**WHAT IS EXPECTED**
Only the text belongs in the copy: repeat each record exactly, without pictures.

**INPUT DATA**

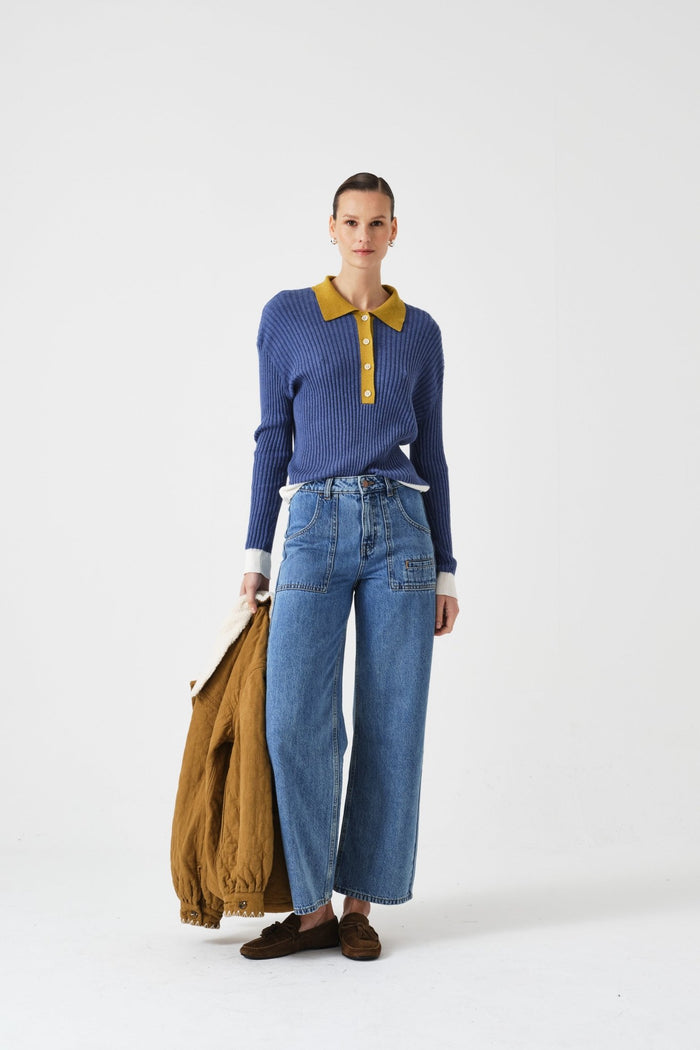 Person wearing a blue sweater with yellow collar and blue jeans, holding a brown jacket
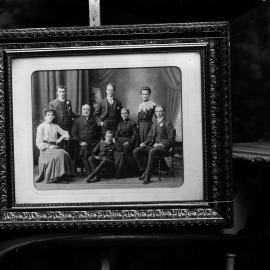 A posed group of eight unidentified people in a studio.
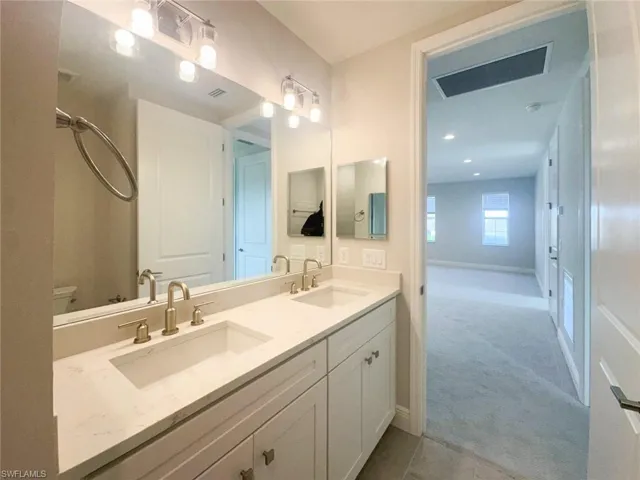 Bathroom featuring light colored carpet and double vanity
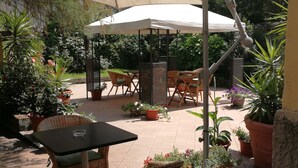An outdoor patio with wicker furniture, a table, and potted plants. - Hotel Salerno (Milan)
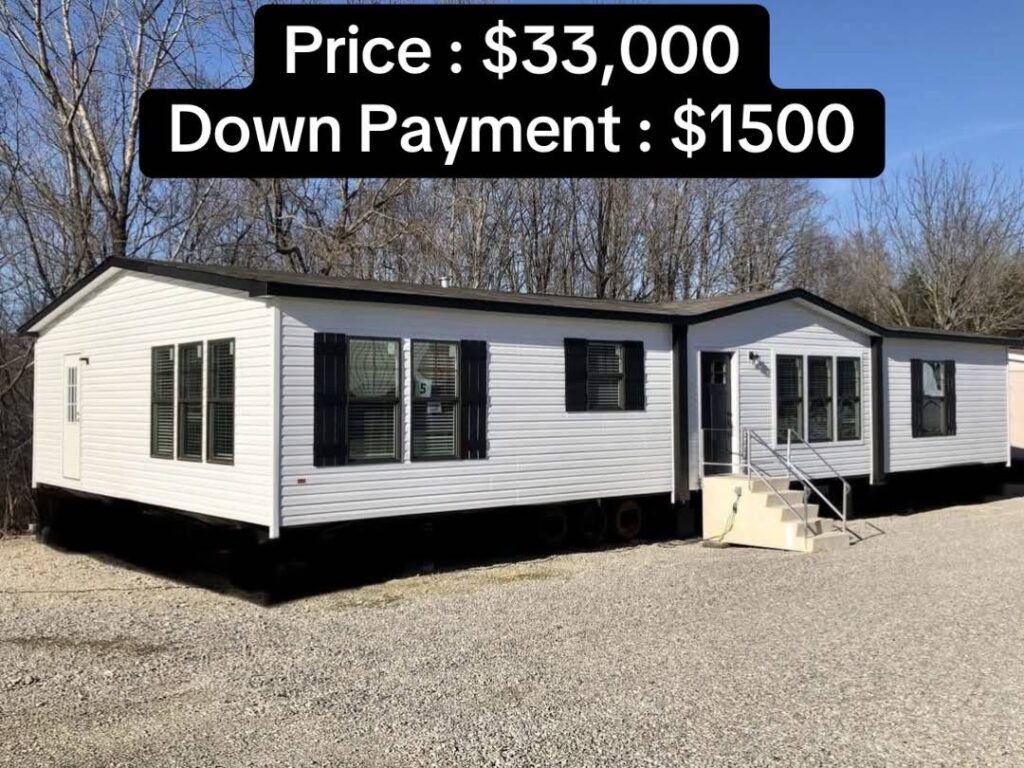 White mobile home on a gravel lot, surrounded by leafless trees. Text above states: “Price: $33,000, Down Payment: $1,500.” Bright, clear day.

**TASK RESULT**
 Person wearing a blue sweater with yellow collar and blue jeans, holding a brown jacket
 A posed group of eight unidentified people in a studio.
 Bathroom featuring light colored carpet and double vanity
An outdoor patio with wicker furniture, a table, and potted plants. - Hotel Salerno (Milan)
 White mobile home on a gravel lot, surrounded by leafless trees. Text above states: “Price: $33,000, Down Payment: $1,500.” Bright, clear day.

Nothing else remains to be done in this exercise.